Seriously though, I think very few people would have the tenacity and endurance to embark on such an ambitious undertaking. I’m thoroughly impressed with the depth of your research and the extensive resources you’ve gathered over the years.

I appreciate that you’re making it publicly available. It’s a real treasure trove and a valuable resource for anyone that holds similar interests.

Thanks for explaining… and for sharing your amazing project.

Brilliant!! :rocket:

Tom ; Great looking model.
I was a member of part of flight team ( LPAG ) at the SFOF and one duty that night for the first landing and in fact have the first pictures returned at landing. They are not what most people think but, actually pictures of one of the landing foot pads because at that time there was concern abut dust on the surface and the landing site would be disturbed.
The PTC was used during mission operation to verify command uploads. We had to project some time ahead what affects it would have in the future as far as actual system operation. Uplink command rate was a whoopng several bits a second at that time in the space program

Hi Mac1, it’s amazing that you were part of the Lander Performance Analysis Group! I bow to you. Oh the documentation and knowledge that you must have once held… I was living in Madison WI on July 20 1976 when Viking 1 landed and transmitted the first image of footpad 3. I recall watching live on TV as the vertical image strips came in gradually, at first a narrow meaningless gray pattern, then - rocks! And then the footpad, wow. I had the pleasure of meeting some Vikings at the 40th anniversary event in Denver CO this past July, where I had a table showing my 3D model and research materials.

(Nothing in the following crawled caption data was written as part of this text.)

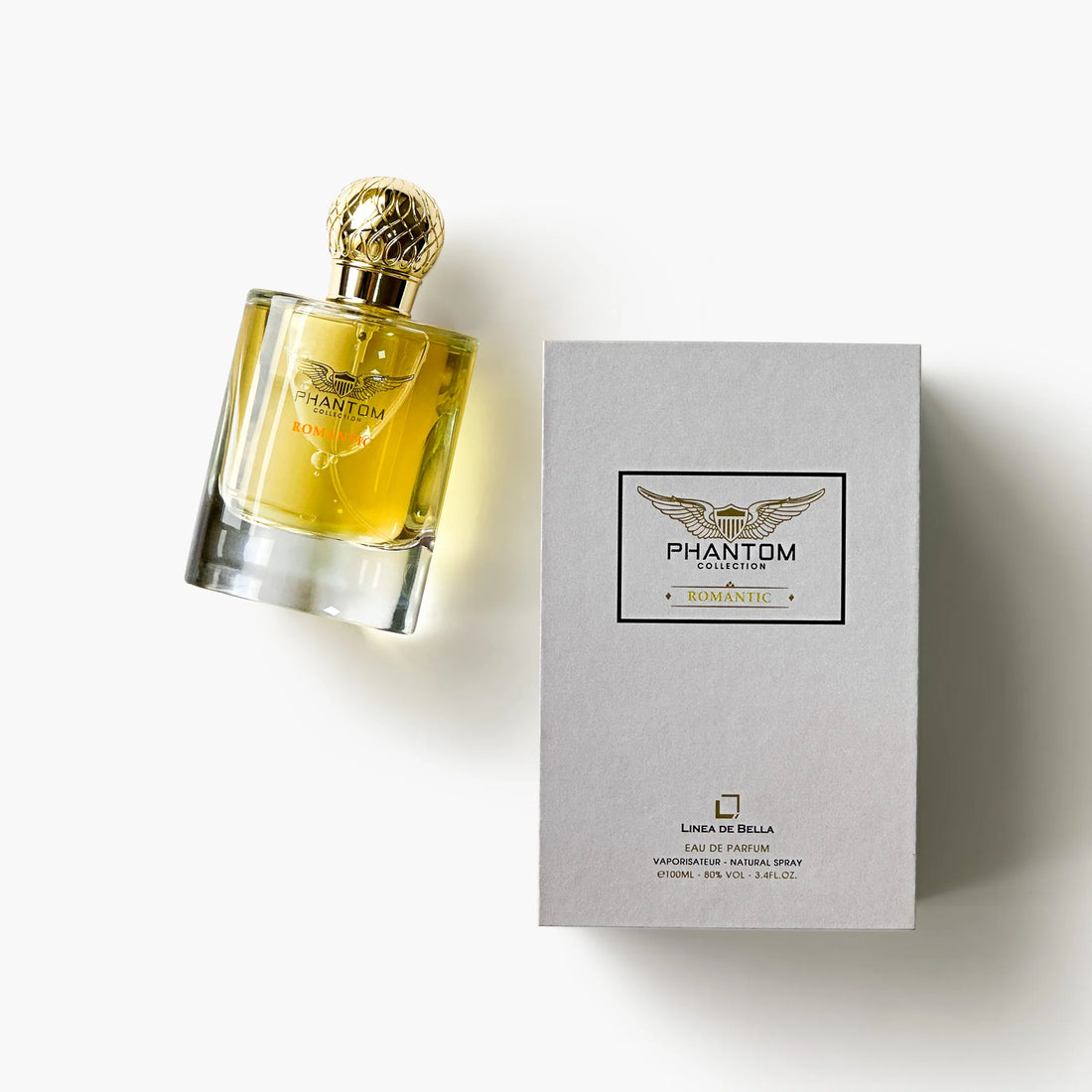 PHANTOM ROMANTIC EDP 100ML - WOMEN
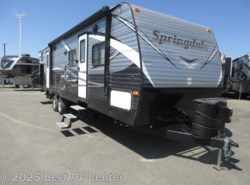 New 2018 Keystone Springdale 303BHWE ALL POWER PACKAGE/ Two Slide Outs / Bunk H available in Turlock, California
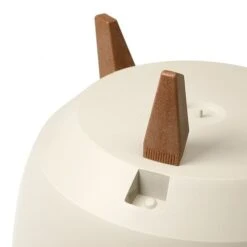 Roma ECO Bowl Planter On Legs 29cm - Natural Wood Effect -Garden Care Shop 500 500 5f4675 roma legs feet bulb planter removable detach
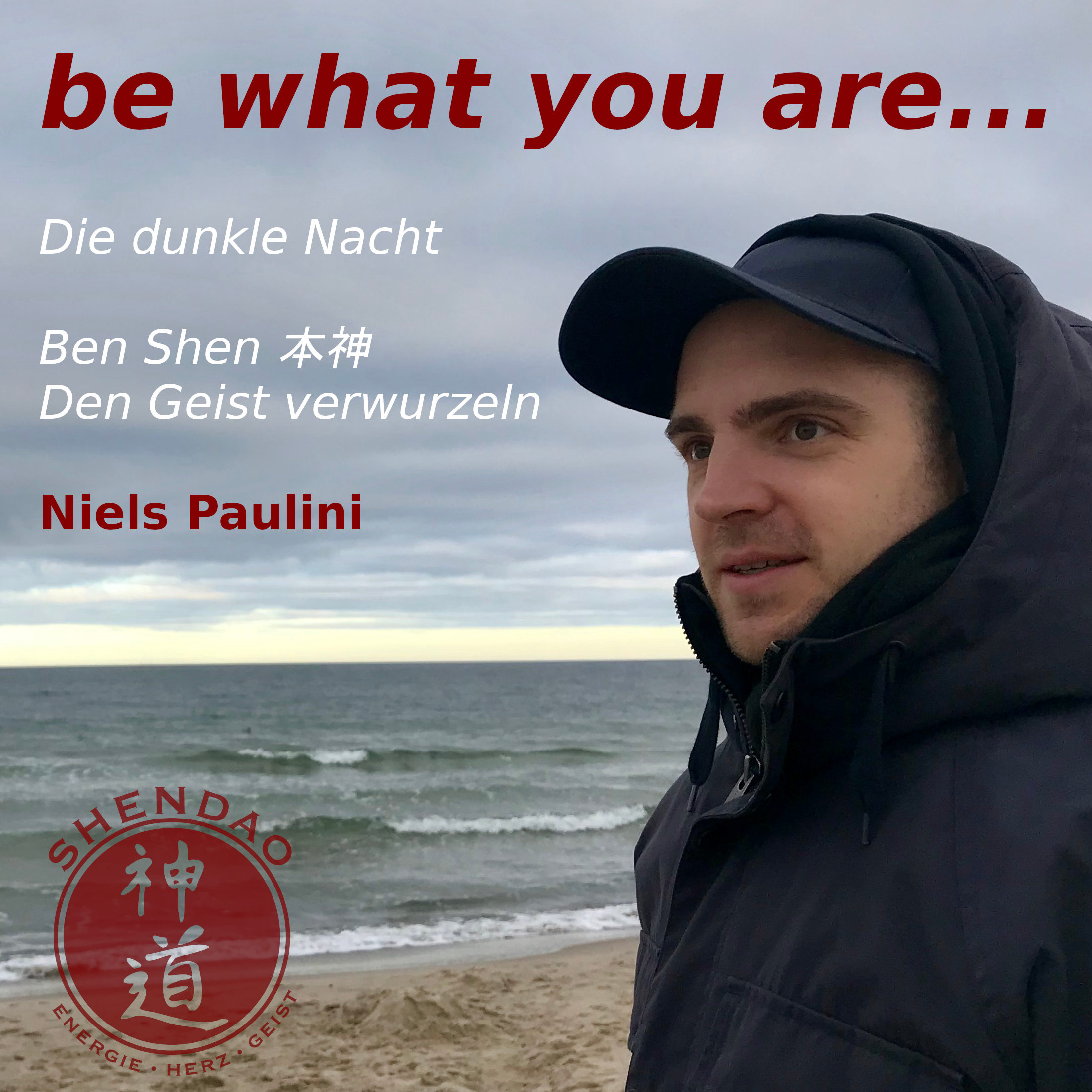 be what you are - Dein Podcast für spirituelle Krieger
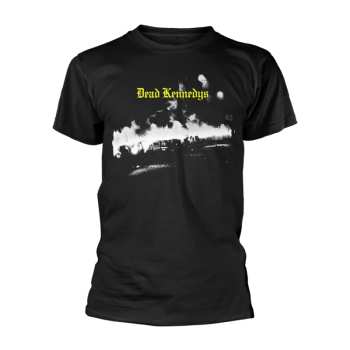 Merch Dead Kennedys: Felpa con cappuccio Fresh Fruit For Rotting Vegetables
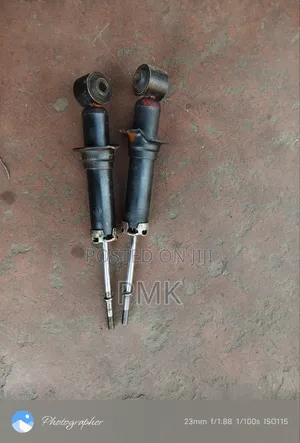 Toyota Wish Rear Shock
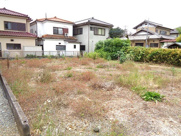 坂戸市善能寺　売地の画像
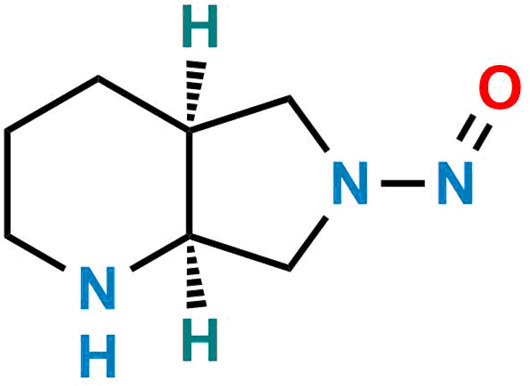 Moxifloxacin Nitroso Impurity 2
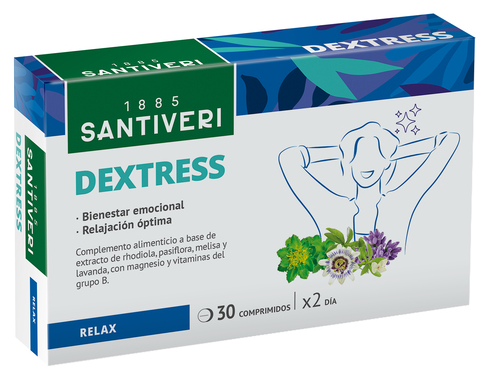 Dextress 30 tabletek
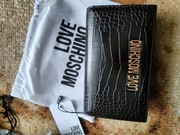 Nowa oryginalna torebka love moschino 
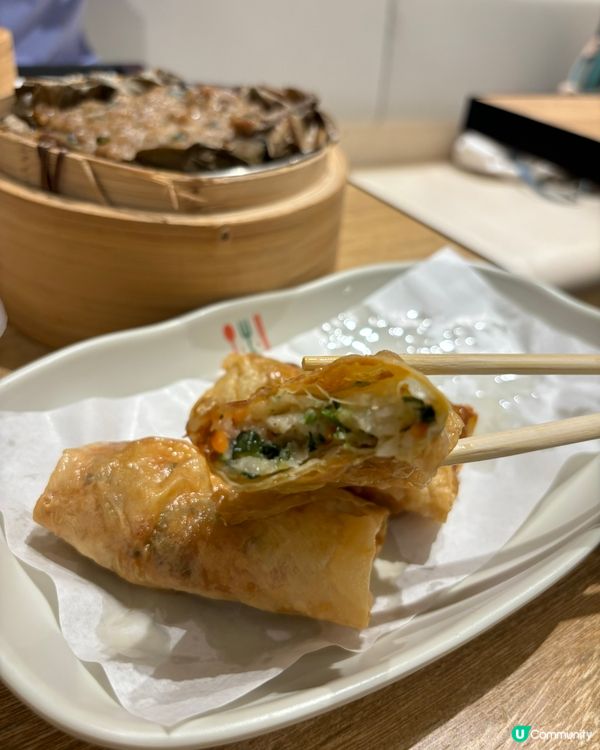 蒸飯+點心+精選茗茶套餐都係$68😱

E-mail me and will post info for you in my drop box if I find some thing that looks of interest and wiil not bother folks in this forum.
Design cadre has thinned out quite a bit in last few years:sob:.
BTW Littleton museum has been collecting info from retirees via the MARS retirees org. for several years maybe they would have some info for you.
Good luck with you effort

Wow! That is incredible! Congratulations!

I was browsing the gallery and came across this. This is extraordinary. Not that I am an expert at all, but the presentation is sublime and the colour presentation and shading is just beautiful in the way that it so clearly demonstrates the inner workings and exterior. As for the subject - out of this world!

Fantastic work! A labour of love indeed. If this were your job, I bet the quality would only be half as good. Just brilliant!!

Keep it up and keep us posted.

Hi Rightangler and Scooter, thank you for the kind words and encouragement. The latest portion of the model to be completed is the surface sampler’s hollow furlable boom or arm; the Flat Conductor Cable (FCC) that runs through the center of the boom; and the hardware used to attach the collector head to the boom. Here is an overall view and some comparisons between renders of the model and actual Viking hardware:

And here are some cut-away and exploded views, showing the 26-conductor FCC (a few inches of curled slack and a spring clamp are used to maintain tension):


Here is a version depicting a short section of the boom illustrating how it flattens when retracted, enabling the boom to be wound up on a drum. The boom is actually about 12 feet long, ten feet of which can be extended out of the housing or canister into which it is stored. For this rendering I truncated the boom quite short, revealing the FCC that extends out the inner end of the flattened boom.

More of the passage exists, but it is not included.